A lot of software licenses are free for academic use for what it’s worth.

Matlab and Adobe sure aren't free!

Who pays for all that? Usually it's not the students or even private funders / donors. Most of the money comes from one level of the government or another, and it comes with all kinds of regulations and requirements. Complying with that requires a lot of specialized administrative staff.

Most of the time, when you hear a politician saying that universities should / should not do X, they are effectively saying that universities should spend more on administration.

Universities with a residential campus have a lot of staff in functions unrelated to the academic mission, such as student housing, food services, healthcare, or sports facilities. If they have to compete for students instead of most people just automatically choosing the nearest university, focusing on these tends to make them more competitive. And while student amenities are not particularly important to PhD students, they are important to the university if it also educates undergraduates.

Then there is the organization chart. In a traditional university, the faculty senate (or another similar body) is in charge and all administrators are subordinate to it. But the modern world prefers centralized organizations, with administrators at the top. And whoever is in charge also determines the priorities of the organization.


"You could cut university admin costs by 75% and lose nothing."

People say that, but could you really? I'd love to see a breakdown on how you pull this off.


It can be done - I went to a college that did it.

There are extreme downsides - for many colleges athletics is a money-maker. So is administering IP. There's is also lots of real estate, which appreciates value, but needs maintenance.

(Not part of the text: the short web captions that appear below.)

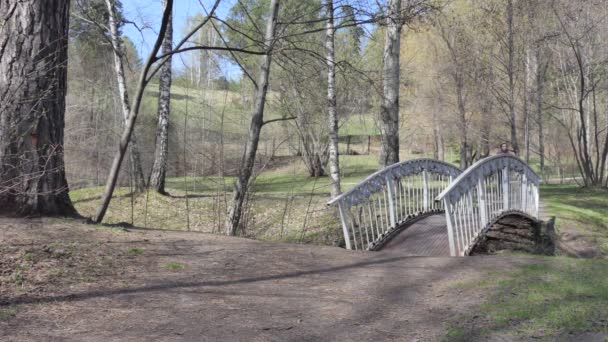 自我隔离 一位戴医疗面具的女骑手穿过公园里的一座小桥 — 图库视频影像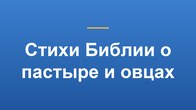 Стихи Библии о пастыре и овцах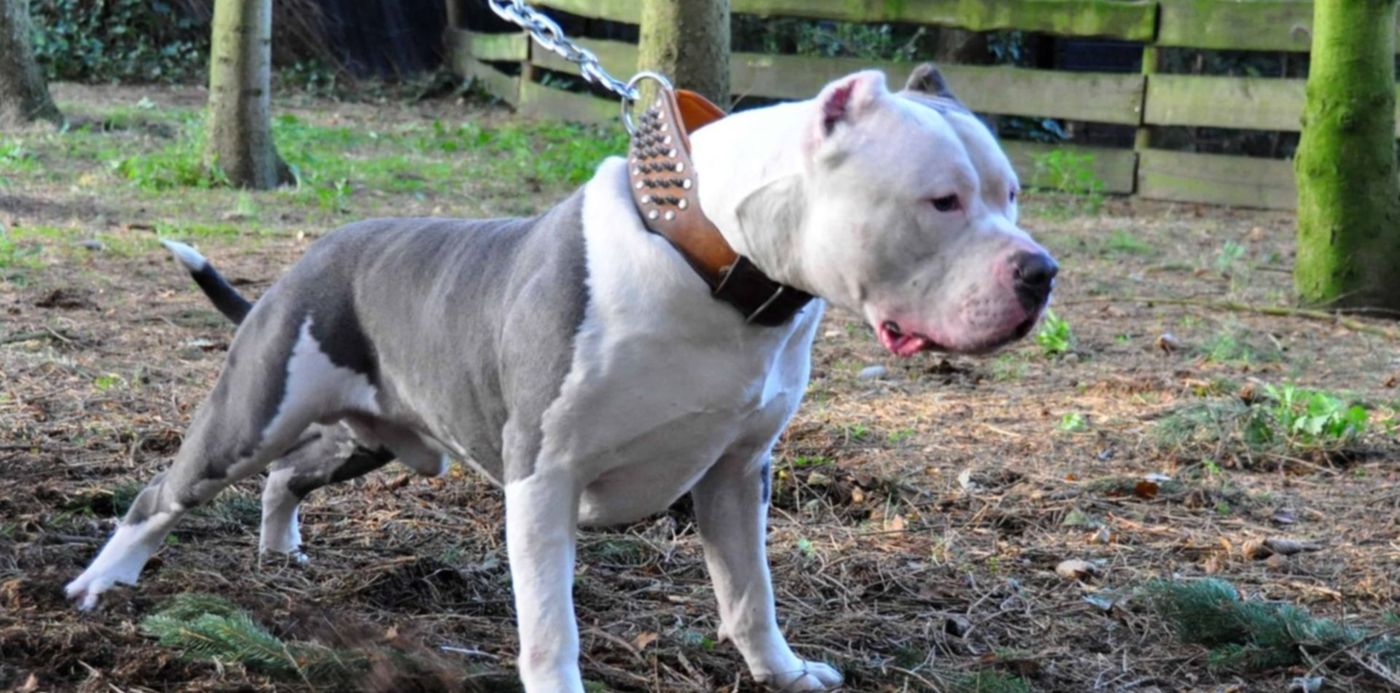 1606848023386.jpg?x=4&y=132&width=1492&height=746&rotate=0&scaleX=1&scaleY=1&ow=1500&oh=996&&cw=1920&ch=950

The big reason for all the extras is that it makes the school known, in a very big and important way. They host conferences, have archives that receive donations, give out awards.

Donors give all sorts of weird tasks - and funding to achieve them.

Modern colleges are so many different things.

There is a subset of colleges that adopt the "keep it simple" approach, but they often run into lots of trouble. The big problem is without doing tons of stuff, people forget they exist.

It's a bit like drug companies advertising at the super bowl. They hate doing it, but don't have a choice.


Cut the top 20 salaries in half and fire 10% of the staff who are not directly involved in academics (must teach, learn, or research) for starters. Sever any major athletics organization (i.e. football, basketball, etc) into a separate legal entity with something like a license fee to the university based on team revenue as a percentage so funds flow exclusively in one direction.

University admin work expands to the available workforce and I've heard first person accounts from long time senior university staff about admin employees who literally didn't do anything of any conceivable consequence.


I mean actually breakdown exactly where the spending is going and then show the cuts.

You can say “cut salaries in half” about any industry. You could say it about software engineers. But just because you say that doesn’t mean it’ll work out well for the industry. Non-minimum wage salaries should be market driven. I doubt you could just cut salaries in half and keep a reasonable work force.